Foto: Diamant/Trek Fahrrad GmbH

Mein Nachbar erzählt von seinem neuen Pedelec, mein Kumpel von einem E-Bike. Fahren sie am Ende das Gleiche?

Laut Zweirad-Industrie-Verband wurden im vergangenen Jahr in Deutschland rund 310.000 Pedelecs bzw. E-Bikes verkauft. Das entspricht einem Marktanteil von acht Prozent. Damit sind elektrische Fahrräder schon heute ein verbreitetes Fortbewegungsmittel im Individualverkehr.
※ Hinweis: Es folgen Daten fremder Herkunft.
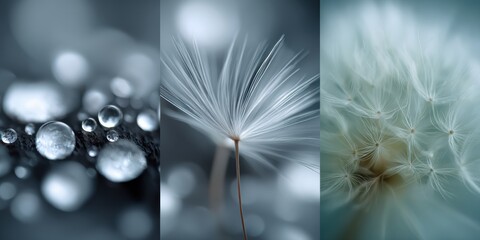 Aufkleber - Dandelion Seeds and Water Droplets in Macro View, Representing Fragility and Environmental Awareness for a Nature Blog or Sustainable Living Campaign : Generative AI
Doch worin unterscheiden sich Pedelec und E-Bike?

Für die Antwort auf diese Frage sind dem Allgemeinen Deutschen Fahrrad-Club (ADFC) zufolge drei Kriterien maßgeblich:

Pedelec, Foto: Diamant/Trek Fahrrad GmbH

1. Wie groß ist die Leistung des verbauten Elektromotors?
2. Ist eine eigene Pedalbewegung notwendig?
3. Wie groß ist die bauartbedingte Höchstgeschwindigkeit des Fahrzeugs?

Beträgt die Motorleistung maximal 250 Watt und wird das Treten bis zu einer Geschwindigkeit von 25 km/h lediglich unterstützt, spricht man von einem Pedelec (Bild links). Der Begriff steht für „Pedal Electric Cycle“. Diese Fahrräder werden häufig mit E-Bikes gleichgesetzt.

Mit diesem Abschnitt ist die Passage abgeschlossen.